Dataset records:

BEGIN

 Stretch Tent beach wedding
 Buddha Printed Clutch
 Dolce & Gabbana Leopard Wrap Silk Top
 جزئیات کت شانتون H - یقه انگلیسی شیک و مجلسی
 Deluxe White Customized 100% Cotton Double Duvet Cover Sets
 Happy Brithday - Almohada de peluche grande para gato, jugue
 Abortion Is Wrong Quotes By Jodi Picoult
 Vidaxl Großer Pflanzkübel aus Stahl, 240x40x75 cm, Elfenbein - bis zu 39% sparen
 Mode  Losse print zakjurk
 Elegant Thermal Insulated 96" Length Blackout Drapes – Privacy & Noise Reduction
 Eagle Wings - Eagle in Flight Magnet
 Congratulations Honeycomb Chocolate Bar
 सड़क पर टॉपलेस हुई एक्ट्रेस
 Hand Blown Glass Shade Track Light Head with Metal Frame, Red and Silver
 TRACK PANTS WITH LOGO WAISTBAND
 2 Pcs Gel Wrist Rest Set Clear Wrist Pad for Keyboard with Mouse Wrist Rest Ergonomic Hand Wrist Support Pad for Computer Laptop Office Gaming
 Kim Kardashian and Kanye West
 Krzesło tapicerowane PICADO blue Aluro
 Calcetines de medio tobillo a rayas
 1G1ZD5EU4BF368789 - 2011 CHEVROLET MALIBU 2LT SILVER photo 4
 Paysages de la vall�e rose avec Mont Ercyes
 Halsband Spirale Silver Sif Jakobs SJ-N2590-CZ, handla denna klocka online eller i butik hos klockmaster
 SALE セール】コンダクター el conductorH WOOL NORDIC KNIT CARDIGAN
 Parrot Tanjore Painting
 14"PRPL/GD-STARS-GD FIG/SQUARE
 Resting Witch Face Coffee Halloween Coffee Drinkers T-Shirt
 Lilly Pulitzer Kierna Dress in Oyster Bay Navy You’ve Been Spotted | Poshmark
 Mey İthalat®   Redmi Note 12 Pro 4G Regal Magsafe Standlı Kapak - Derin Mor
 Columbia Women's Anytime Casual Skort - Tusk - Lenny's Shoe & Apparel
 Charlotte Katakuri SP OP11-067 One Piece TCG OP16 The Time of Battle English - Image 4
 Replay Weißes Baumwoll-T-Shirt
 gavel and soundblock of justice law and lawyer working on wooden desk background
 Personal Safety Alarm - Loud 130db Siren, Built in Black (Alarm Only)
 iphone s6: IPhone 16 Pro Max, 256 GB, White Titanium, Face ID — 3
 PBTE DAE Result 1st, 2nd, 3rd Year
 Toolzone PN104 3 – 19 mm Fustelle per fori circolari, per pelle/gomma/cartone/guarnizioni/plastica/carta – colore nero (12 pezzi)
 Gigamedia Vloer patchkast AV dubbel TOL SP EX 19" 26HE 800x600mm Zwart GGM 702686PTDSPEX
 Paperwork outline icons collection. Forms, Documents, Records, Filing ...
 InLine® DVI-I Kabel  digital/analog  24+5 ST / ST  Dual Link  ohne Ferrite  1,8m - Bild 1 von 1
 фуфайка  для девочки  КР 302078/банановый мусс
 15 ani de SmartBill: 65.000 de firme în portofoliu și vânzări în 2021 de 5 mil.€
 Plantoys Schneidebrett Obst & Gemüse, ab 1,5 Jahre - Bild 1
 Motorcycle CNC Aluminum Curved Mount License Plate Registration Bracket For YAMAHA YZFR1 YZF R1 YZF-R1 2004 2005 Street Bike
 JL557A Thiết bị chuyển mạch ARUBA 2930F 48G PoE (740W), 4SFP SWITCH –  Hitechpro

END

Transcribe each entry exactly as it appears.

## [Answer to this task]
 Stretch Tent beach wedding
 Buddha Printed Clutch
 Dolce & Gabbana Leopard Wrap Silk Top
 جزئیات کت شانتون H - یقه انگلیسی شیک و مجلسی
 Deluxe White Customized 100% Cotton Double Duvet Cover Sets
 Happy Brithday - Almohada de peluche grande para gato, jugue
 Abortion Is Wrong Quotes By Jodi Picoult
 Vidaxl Großer Pflanzkübel aus Stahl, 240x40x75 cm, Elfenbein - bis zu 39% sparen
 Mode  Losse print zakjurk
 Elegant Thermal Insulated 96" Length Blackout Drapes – Privacy & Noise Reduction
 Eagle Wings - Eagle in Flight Magnet
 Congratulations Honeycomb Chocolate Bar
 सड़क पर टॉपलेस हुई एक्ट्रेस
 Hand Blown Glass Shade Track Light Head with Metal Frame, Red and Silver
 TRACK PANTS WITH LOGO WAISTBAND
 2 Pcs Gel Wrist Rest Set Clear Wrist Pad for Keyboard with Mouse Wrist Rest Ergonomic Hand Wrist Support Pad for Computer Laptop Office Gaming
 Kim Kardashian and Kanye West
 Krzesło tapicerowane PICADO blue Aluro
 Calcetines de medio tobillo a rayas
 1G1ZD5EU4BF368789 - 2011 CHEVROLET MALIBU 2LT SILVER photo 4
 Paysages de la vall�e rose avec Mont Ercyes
 Halsband Spirale Silver Sif Jakobs SJ-N2590-CZ, handla denna klocka online eller i butik hos klockmaster
 SALE セール】コンダクター el conductorH WOOL NORDIC KNIT CARDIGAN
 Parrot Tanjore Painting
 14"PRPL/GD-STARS-GD FIG/SQUARE
 Resting Witch Face Coffee Halloween Coffee Drinkers T-Shirt
 Lilly Pulitzer Kierna Dress in Oyster Bay Navy You’ve Been Spotted | Poshmark
 Mey İthalat®   Redmi Note 12 Pro 4G Regal Magsafe Standlı Kapak - Derin Mor
 Columbia Women's Anytime Casual Skort - Tusk - Lenny's Shoe & Apparel
 Charlotte Katakuri SP OP11-067 One Piece TCG OP16 The Time of Battle English - Image 4
 Replay Weißes Baumwoll-T-Shirt
 gavel and soundblock of justice law and lawyer working on wooden desk background
 Personal Safety Alarm - Loud 130db Siren, Built in Black (Alarm Only)
 iphone s6: IPhone 16 Pro Max, 256 GB, White Titanium, Face ID — 3
 PBTE DAE Result 1st, 2nd, 3rd Year
 Toolzone PN104 3 – 19 mm Fustelle per fori circolari, per pelle/gomma/cartone/guarnizioni/plastica/carta – colore nero (12 pezzi)
 Gigamedia Vloer patchkast AV dubbel TOL SP EX 19" 26HE 800x600mm Zwart GGM 702686PTDSPEX
 Paperwork outline icons collection. Forms, Documents, Records, Filing ...
 InLine® DVI-I Kabel  digital/analog  24+5 ST / ST  Dual Link  ohne Ferrite  1,8m - Bild 1 von 1
 фуфайка  для девочки  КР 302078/банановый мусс
 15 ani de SmartBill: 65.000 de firme în portofoliu și vânzări în 2021 de 5 mil.€
 Plantoys Schneidebrett Obst & Gemüse, ab 1,5 Jahre - Bild 1
 Motorcycle CNC Aluminum Curved Mount License Plate Registration Bracket For YAMAHA YZFR1 YZF R1 YZF-R1 2004 2005 Street Bike
 JL557A Thiết bị chuyển mạch ARUBA 2930F 48G PoE (740W), 4SFP SWITCH –  Hitechpro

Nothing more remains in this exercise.